The plan should then analyse past, current, and future known income streams. The analysis should include a frank assessment of the possibility of any of these streams drying up in the near future.

Next you should analyse your fundraising capacity to understand what resources you currently have to help you raise funds. Don’t forget to look closely at how much it is costing you to raise funds through the various sources, taking into account staffing, time, money and other resources expended.

Next, you should look outward, at the current and projected fundraising environment. Is the economy strong and growing? What are the dominant economic forecasts telling you? What are the trends in regional, national, international philanthropy (any and all environments in which you operate and raise funds)? At this stage it is important to seek detailed information about all the fundraising methods and techniques available to your organisation, and perhaps consider some that you haven’t undertaken before. Consider such diverse potential sources of income as general public donations through appeals, events and activities, government grants, grants from philanthropic foundations, corporate gifts, gifts from major donors, and direct earning through trading goods and services.

Now it’s time to find the gaps. Map out all known income for the year (or at least the most reliable projected income … fundraising is not an exact science, and nothing is absolutely certain). Take into account past experience, existing successful programmes and activities and any recent (reliable) pledges of gifts. Compare the total with your targets to identify your most urgent fundraising challenges.

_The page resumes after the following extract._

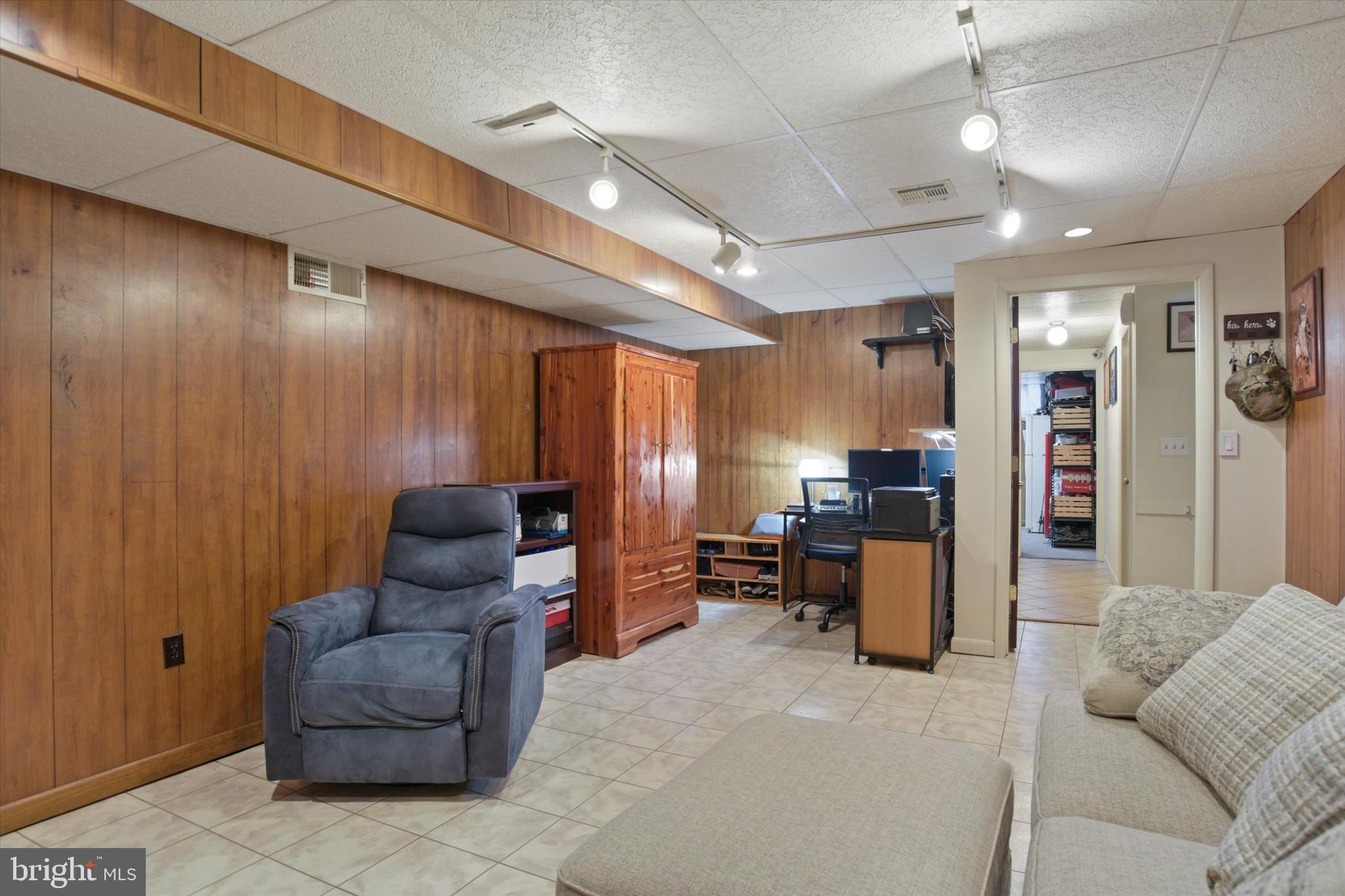 6981 Sterling Road Harrisburg, PA 17112 - Photo 21 of 33 Gallery Image 21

This will often require developing a series of fundraising targets for each area of activity. An organisation needing to fundraise €100,000 may, for example, set a target of €50,000 from grant-makers, €30,000 from the general public and €20,000 from earnings.

Within these targets may be further targets. In grants, for example, your target may be to raise €25,000 from government, €15,000 from trusts and €10,000 from corporate. Whatever the targets are they ought to be considered and arrived at very carefully, and should not be the basis for budgeting the next year until the amounts are secured.

Alongside the setting of smaller, more achievable, targets is the practice of setting milestones throughout the year, and even over many years for raising the totals you need. 

So, for example, if your target is to raise €36,000 in three years, this could be achieved by raising €12,000 in each year, or €1,000 per month. You might set a target of €8,000 per year from grants, €3,000 from the general public and €1,000 from earned income each year. You might alternatively set a target of €2,000 for an event at Easter, €4,000 for a summer event, €1,000 for a Halloween event and €5,000 for a Christmas event each year.

Again, these targets should not be set lightly or arbitrarily, but should be based upon evidence, track record, experience and well informed projections. Fundraising is much an art as a science, and developing a ‘feel’ for setting realistic targets can take many years’ experience.

By planning a calendar of all your fundraising events, activities and campaigns and putting in place fundraising processes, it is much easier reach your income targets. Set yourself a target based on the amount of funding needed and set a deadline for when you need to raise it by. Then plan a series of events and activities that will enable you to meet that target. Don’t forget that some strategies are easy to schedule, and provide relatively foreseeable returns (such as annual galas, Christmas appeals, monthly coffee mornings, etc) and others such as major gifts campaigns can be extremely unpredictable. Try to build a balance of ‘low hanging fruit’ and ‘dream gifts’ into your plan, and provide contingencies for when your riskier strategies are delayed or fail to pay off.

With your targets and activities and calendar in place, you will need to consider the resources you will commit to enable the fundraising to happen. Whilst always striving to keep your fundraising costs within reasonable levels, you must give the fundraising strategy a chance of working by committing a budget to it. Some activities will cost more than others, but are nonetheless needed to raise the overall target. An unresourced plan will just gather dust on your desk, so be sure to invest appropriate levels of staff, volunteers, time and money to enable the plan to succeed.

Now that you have a fundraising plan, the final thing to do is use it. Be flexible, and continually refine and update the plan as you progress, continually reassessing your resources and activities in light of the relative success or failure of various aspects of your plan. The important thing is that you are not rudderless. With a fundraising plan you are in more control of the income you organisation will receive and you can spend your time doing the good work of your organisation, instead of constantly reacting to the latest funding crisis.